Guerre en UkraineUne journaliste russe lève le voile sur la propagande du Kremlin
Zhanna Agalakova a travaillé pour une télévision russe, comme correspondante à Paris. Elle a démissionné en signe de protestation contre la guerre en Ukraine, afin que les gens arrêtent d’«être zombifiés».
«Manipulation», bribes de réel tordues pour former des «mensonges», référence fallacieuse aux nazis… Une journaliste russe d’une grande chaîne de télévision, qui a démissionné à cause de la guerre en Ukraine, a donné à voir de l’intérieur, mardi, la «propagande» qui règne dans son pays. «Je veux que la Russie m’entende, que les gens apprennent à distinguer la propagande, arrêtent d’être zombifiés», s’est justifiée Zhanna Agalakova lors d’une conférence de presse organisée par l’organisation de défense des journalistes RSF (Reporters sans frontières), à Paris.
«J’ai beaucoup hésité» avant de prendre la parole, «mais je ne pense pas avoir d’autre choix», a-t-elle ajouté, les larmes aux yeux. Pourquoi maintenant et pas avant la guerre en Ukraine? «J’ai fait des compromis dans ma carrière», mais là, c’était «une ligne rouge», a-t-elle répondu lors de cette conférence tenue en partie en français et en partie traduite du russe. Mi-mars, une autre journaliste, Marina Ovsiannikova, avait marqué les esprits en faisant irruption pendant le journal télévisé de Pervy Kanal et en brandissant une pancarte pour dénoncer l’offensive en Ukraine.

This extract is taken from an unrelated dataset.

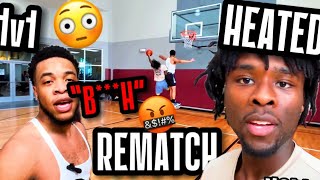 HEATED 1v1 BASKETBALL REMATCH VS TRASH TALKING LA FITNESS LEGEND😳 [upl. by Itsym292]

«Ces derniers jours, nous observons des remous à l’intérieur de ces médias de propagande», avec «un certain nombre de démissions, difficiles à chiffrer», a déclaré le secrétaire général de RSF, Christophe Deloire, aux côtés de Zhanna Agalakova. Correspondante pour l’Europe de l’Ouest, depuis Paris, de la chaîne de télévision publique Pervy Kanal, Zhanna Agalakova dit avoir démissionné le 3 mars, une semaine après l’invasion de l’Ukraine. Elle décrit un système médiatique russe «qui transmet uniquement le point de vue du Kremlin».
«Le pouvoir essaye d’étrangler les médias indépendants»
«Nos actualités ne montrent pas le pays, on ne voit pas la Russie. On ne voit que le premier homme du pays, ce qu’il a mangé, à qui il a serré la main, nous l’avons même vu torse nu. Mais on ne sait pas s’il est marié, s’il a des enfants», a-t-elle raconté, en évitant de prononcer le nom du président Vladimir Poutine. «Le pouvoir essaye d’étrangler les médias indépendants» et l’absence de «presse libre» mène au «suicide d’un pays», a-t-elle estimé.
Pour justifier son action en Ukraine, «le pouvoir a joué sur une corde extrêmement sensible pour les Russes», en prétendant lutter contre des groupes nazis, a souligné Zhanna Agalakova. Car le pays reste traumatisé par la Seconde Guerre mondiale et ses «27 millions de morts» soviétiques: «Quand, en Russie, on entend le mot nazi, on n’a qu’une seule réaction: il faut détruire ça. C’est une manipulation, un énorme mensonge.»
Éviter d’être «propagandiste»
Zhanna Agalakova ne travaille plus sur le sol russe depuis 2005. Après avoir présenté les informations, elle est devenue correspondante à Paris cette année-là, a ensuite pris le même poste à New York, en 2013, puis est revenue en France. «Je pensais qu’en racontant la vie en Europe, et surtout à Paris, je pouvais éviter d’être propagandiste», a-t-elle raconté. Selon elle, les choses se sont compliquées en 2014, avec le début du conflit russo-ukrainien en Crimée et dans la région du Donbass.